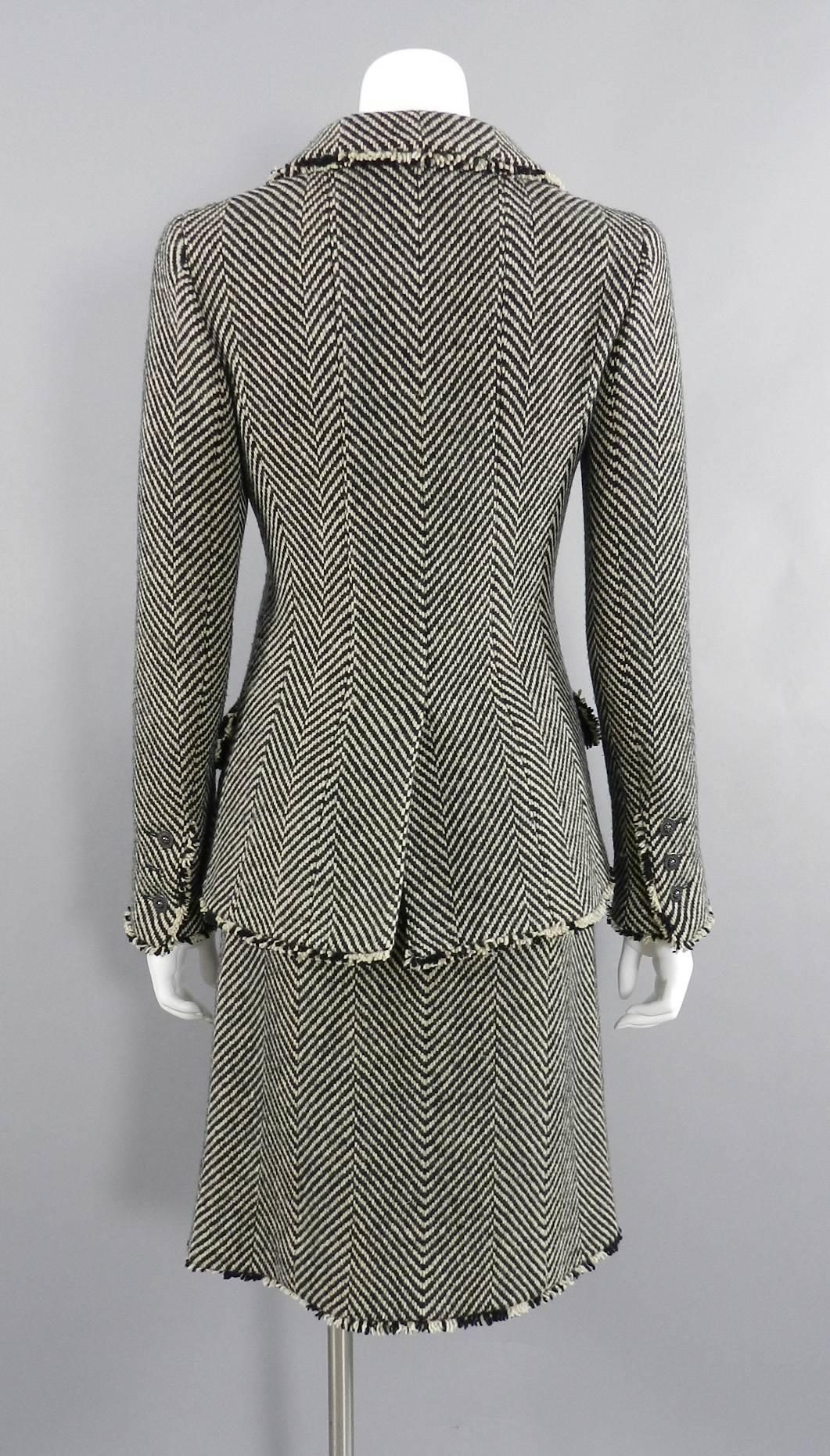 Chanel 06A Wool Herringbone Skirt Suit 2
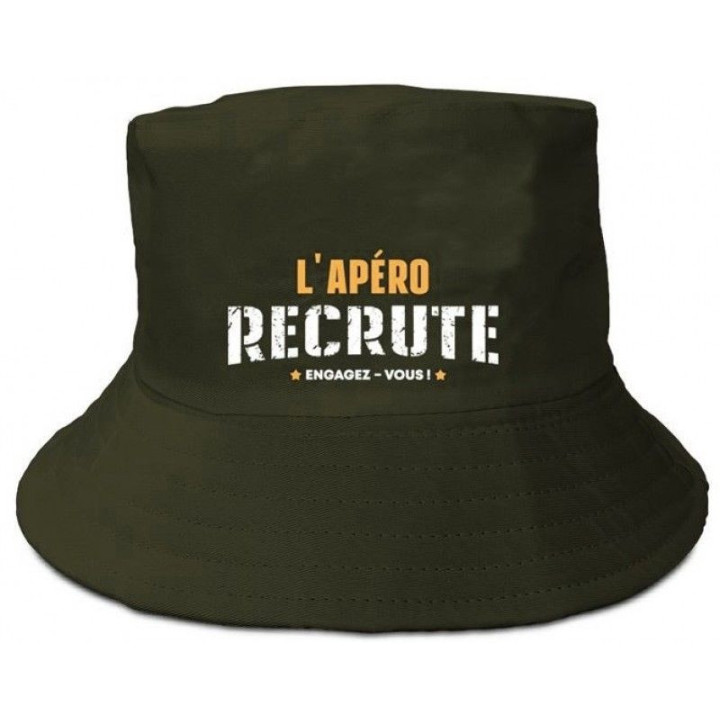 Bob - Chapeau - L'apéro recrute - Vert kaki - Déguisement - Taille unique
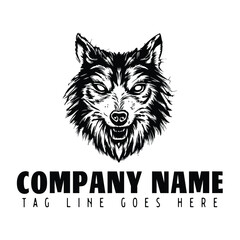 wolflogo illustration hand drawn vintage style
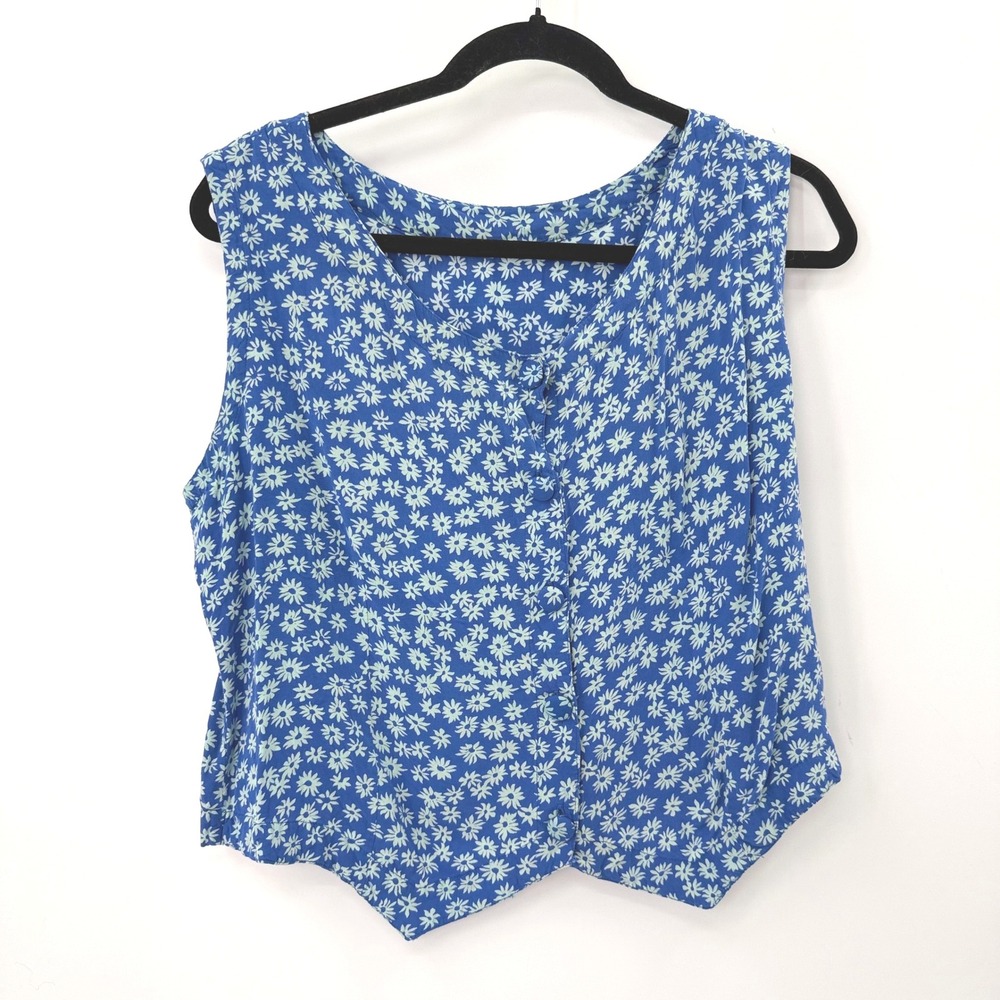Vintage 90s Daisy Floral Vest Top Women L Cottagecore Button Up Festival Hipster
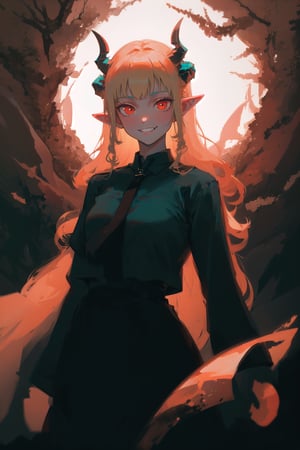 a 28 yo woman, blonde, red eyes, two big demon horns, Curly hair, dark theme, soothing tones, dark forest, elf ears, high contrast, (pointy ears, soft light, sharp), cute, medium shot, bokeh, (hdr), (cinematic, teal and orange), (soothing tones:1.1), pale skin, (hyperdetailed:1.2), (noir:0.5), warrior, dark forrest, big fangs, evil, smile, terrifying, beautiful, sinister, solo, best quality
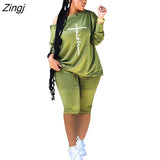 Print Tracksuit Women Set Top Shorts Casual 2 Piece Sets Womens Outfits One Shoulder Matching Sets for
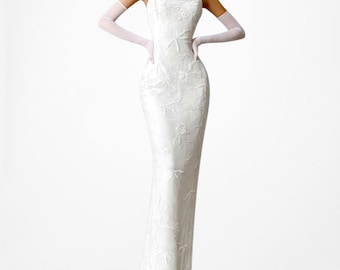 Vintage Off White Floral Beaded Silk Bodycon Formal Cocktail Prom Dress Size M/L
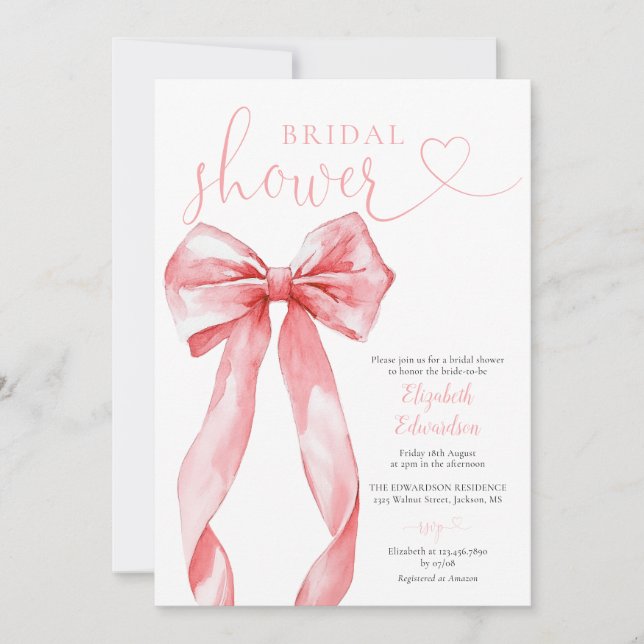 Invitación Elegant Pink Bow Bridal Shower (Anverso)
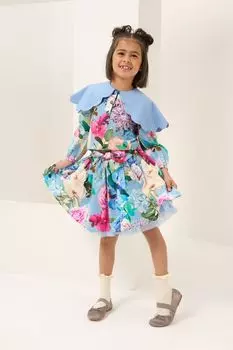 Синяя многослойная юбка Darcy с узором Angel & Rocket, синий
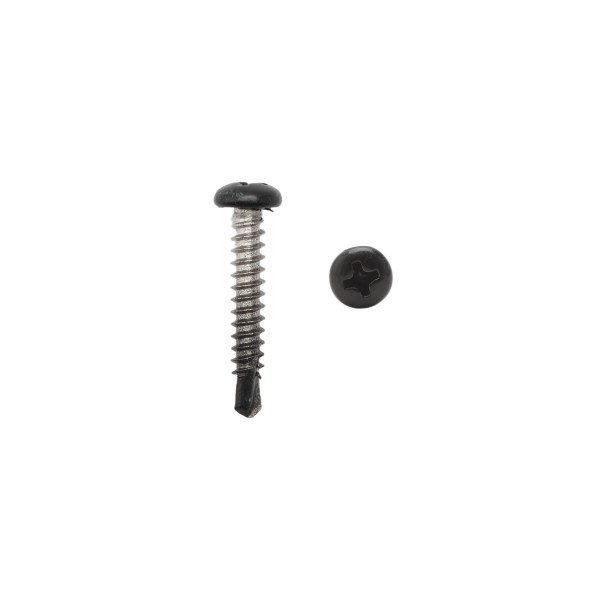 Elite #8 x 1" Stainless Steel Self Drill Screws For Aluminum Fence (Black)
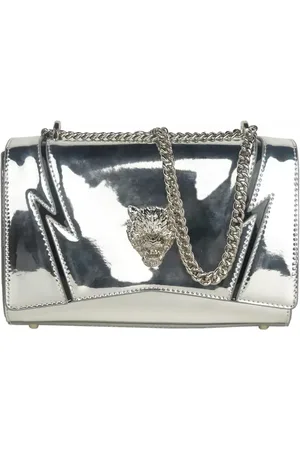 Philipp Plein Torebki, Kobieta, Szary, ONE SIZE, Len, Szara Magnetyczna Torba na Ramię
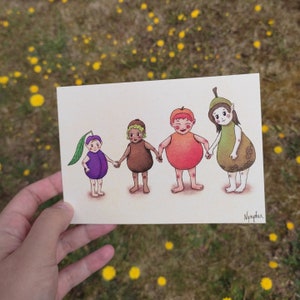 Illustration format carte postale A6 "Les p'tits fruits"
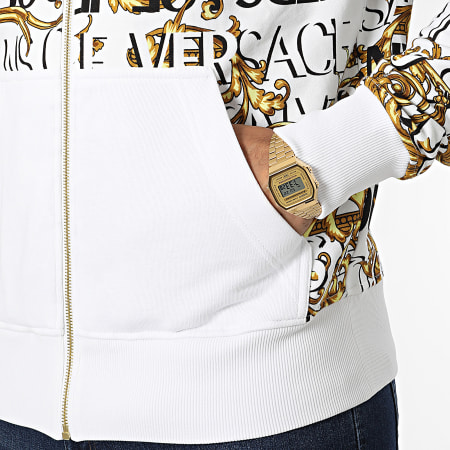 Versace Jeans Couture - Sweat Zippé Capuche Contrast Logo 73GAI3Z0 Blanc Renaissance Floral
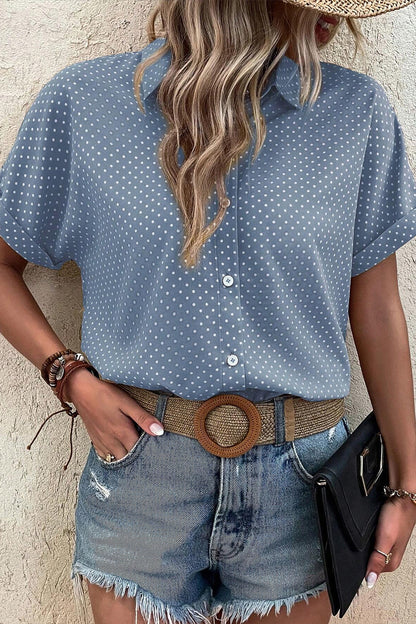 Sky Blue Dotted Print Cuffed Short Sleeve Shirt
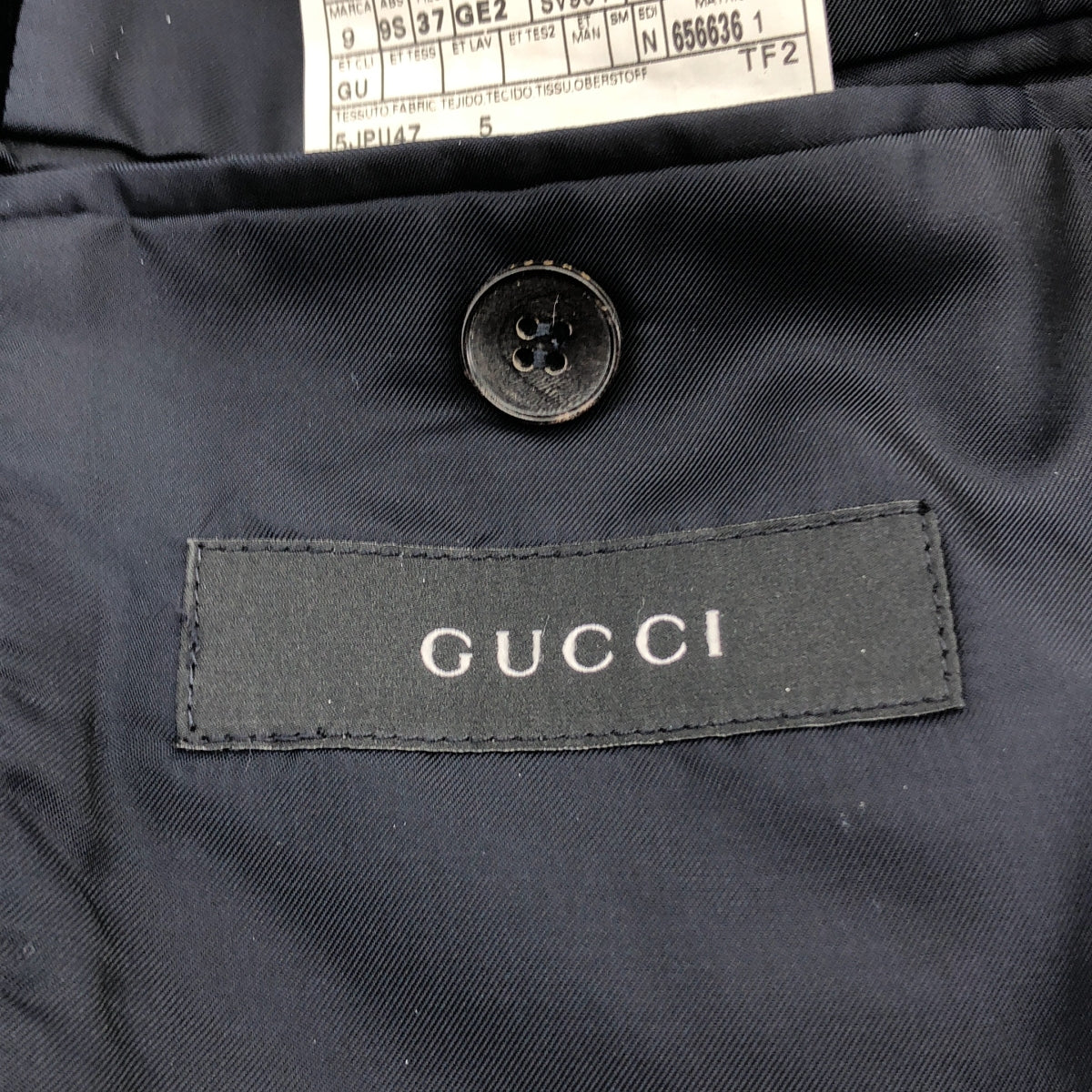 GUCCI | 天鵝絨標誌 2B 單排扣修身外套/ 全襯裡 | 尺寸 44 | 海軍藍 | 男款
········
▶ [ASSIGNMENT]: The required answer is an exact, picture-free copy of the lines from the opening of the listing above through the line with "Vintage 90s Daisy".

▶ [RESPONSE TO THE TASK]:
 Chanel 06A Wool Herringbone Skirt Suit 2
 Bob - Chapeau - L'apéro recrute - Vert kaki - Déguisement - Taille unique
 wolflogo illustration hand drawn vintage style
Vintage 90s Daisy Floral Vest Top Women L Cottagecore Button Up Festival Hipster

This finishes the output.